In a study in 2011, it was shown that there was no significant difference in serum ALT levels between patients with positive and negative anti-HEV IgG (Rostamzadeh Khameneh et al., 2011). It was also shown that there is no association between hepatitis E infection and increased serum levels of ALT. Hence, it was deduced that anti-HEV IgG antibodies is significantly higher in kidney transplant patients compared with general or hemodialysis population. In the mentioned study, of the total number of patients, 28 patients were seropositive (30.8 %), whereas in our study, the prevalence of seropositivity for anti-HEV IgG was 20 %. Moreover, consistent with the above-mentioned study, our findings showed that there was no significant association between serum ALT levels and anti-HEV IgG in seropositive and seronegative groups. Nonetheless, some studies have reported a positive association between the seroprevalence of HEV and blood transfusion in patients with organ transplantation (Arankalle et al., 1995; Lynch et al., 1995; Sylvan, 1998). In a previous study on the epidemiology of anti-HEV IgG antibodies in healthy blood donors of Iran, the prevalence of HEV infections was reported to be 7.7 % (Arabzadeh et al., 2010; Hesamizadeh et al., 2016). It has also been shown that in a particular group of patients, such as patients undergoing hemodialysis, HEV seroprevalence correlates with the prevalence of infections in the community (Taremi et al., 2008). In different populations receiving kidney or liver transplantation, the HEV seroprevalence patients were reported between 1 % and 14.5 % (Koonin et al., 1992; Yamashita et al., 2009). Outbreak of hepatitis E also varies in different geographical areas. According to epidemiological studies, low prevalence of anti-HEV IgG antibodies have been reported in countries such as Israel (8.2 %) and Turkey 8.3 %, but the prevalence of antibodies is rather high in countries such as Iraq (14.8 %), Saudi Arabia (16.4 %) and Pakistan (17.5 %) (Kane et al., 1984; Krawczynski and Bradley, 1989; Yamashita et al., 2009). In a study that was conducted on 700 patients with organ transplantation, 34 patients were found to be infected with HEV one year after transplantation, and among them, 47 % were identified with chronic HEV and accordingly the annual incidence of HEV was reported to be 3.2 % (Lu et al., 2006).

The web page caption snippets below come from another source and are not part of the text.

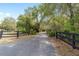 Long, paved driveway leading to the property, framed by a rustic black wooden fence at 1179 Se 170Th Ct, Silver Springs, FL 34488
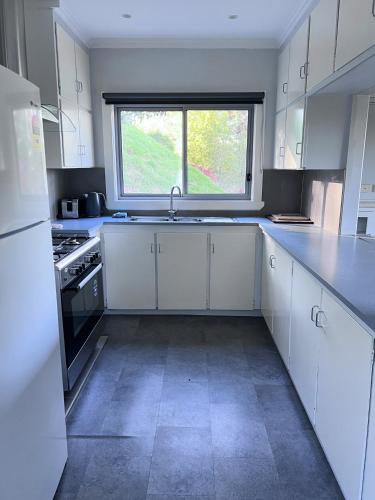 a kitchen with white cabinets and a window at Buchan Motel in Buchan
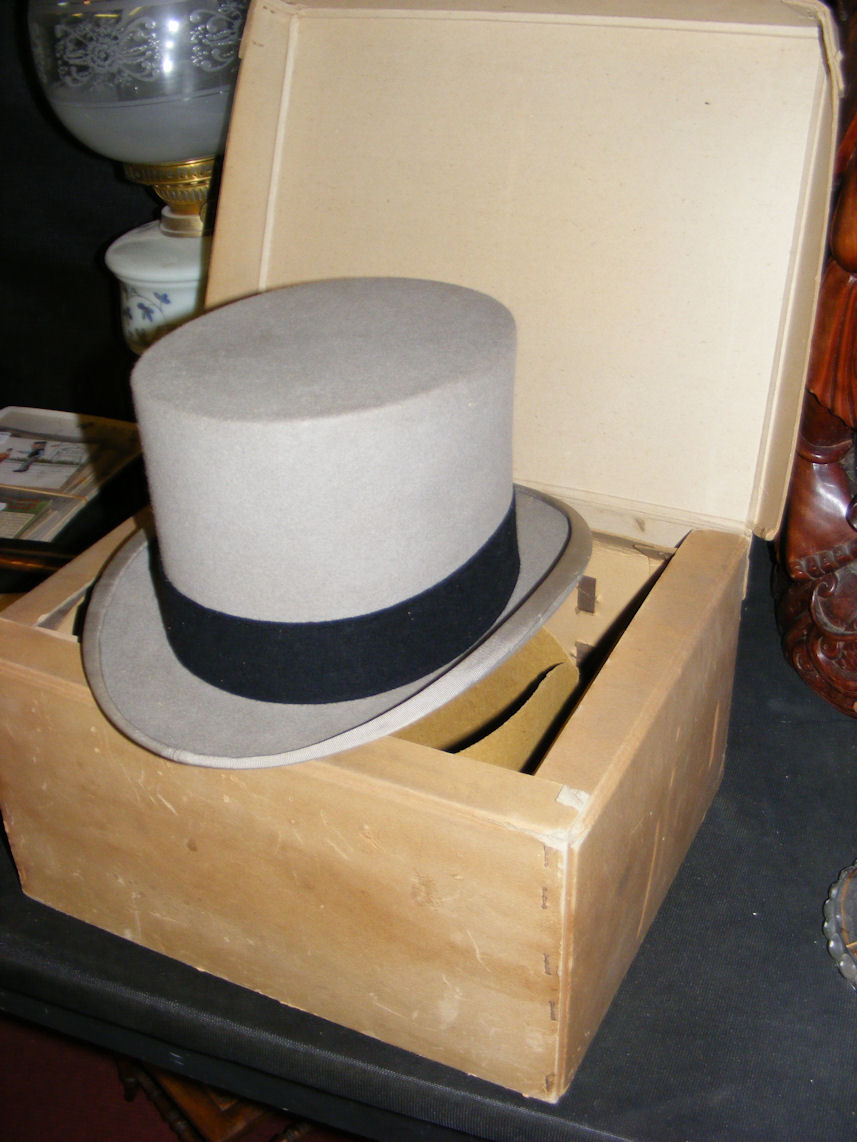 A Moss Bros top hat in original box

In conclusion, our findings in this study indicated that the prevalence of anti-HEV IgG is rather high (20 %) in Iranian patients with renal transplantation. However, it was shown that serum levels of creatinine, AST, ALT, and ALP, and eGFR at different intervals is comparable between patients with HEV Ab titers higher and lower than 1.1.
The authors are thankful to the Research Council of the Mashhad University of Medical Sciences for the financial support of this study.
The authors declare no conflict of interest.